Habt ihr euch schon überlegt, auf was ihr verzichten wollt? So wie die letzten Jahre wieder auf Süßigkeiten? Tut ja auch mal ganz gut. Auf das blöde Handyspiel, mit dem ich jeden Tag so viel Zeit vergeude? Vielleicht auf Fleisch oder zeitweise sogar ganz auf Essen?
Unser Predigttext erzählt uns heute vom Propheten Jesaja, der dem Volk Israel sagen soll, um was es beim Fasten eigentlich geht.
Für die Israeliten war Fasten nichts ungewöhnliches. Immer wieder gab es im Laufe eines Jahres Tage, an denen gefastet werden sollte. Bei besonders religiösen Gruppen ging das soweit, dass sie jede Woche 1 oder 2 Tage hatten, an denen sie fasteten.
Bis heute ist Jom Kippur — der Versöhnungstag — der höchste und wichtigste Feiertag, an dem auch gefastet wird.
Und dabei muss man noch bedenken: Wenn in der Bibel vom Fasten die Rede ist, dann wird damit tatsächlich der Verzicht auf Nahrung gemeint, manchmal sogar zusätzlich der Verzicht auf Trinken.

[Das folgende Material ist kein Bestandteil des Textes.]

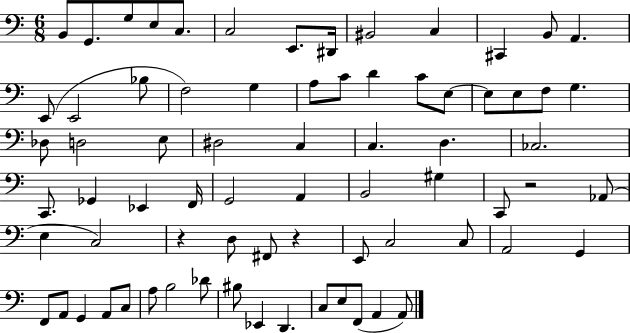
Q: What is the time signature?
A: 6/8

Und so ist das Fasten auch in unseren christlichen Glauben gekommen. Es kann als Zeichen der Umkehr dienen oder auch als Vorbereitung auf die Begegnung mit Gott, so wird es schon in der Bibel bezeugt. Nicht selten wird es auch als Unterstützung des Gebets praktiziert, denn Fasten und Beten gehören mitunter zusammen.
Viel könnte hier über die Aspekte des Fastens gesagt werden, doch unser Predigttext schickt uns in eine andere Richtung. Jesaja soll nicht über das Warum des Fastens reden, sondern über das Wie. Wie fastet man richtig? Was gehört dazu? — Und was nicht? Denn es ist wie mit so vielen Dingen im Glauben: Man kann sie auch missbrauchen. Wenn Handlungen, die aus dem Glauben heraus geschehen sollen, nichts mehr mit meinem Glauben zu tun haben, dann sind sie nutzlos. Wenn ich nur faste, damit ich vor anderen gut dastehe, dann ist mein Fasten vor Gott nutzlos. Wenn ich meine Kollekte nur gebe, um damit vor anderen prahlen zu können, dann ist meine Gabe vor Gott nutzlos. Wenn ich nur in die Kirche gehe, um von anderen gesehen zu werden, dann ist mein Gottesdienstbesuch vor Gott — und letztlich auch für mich — nutzlos.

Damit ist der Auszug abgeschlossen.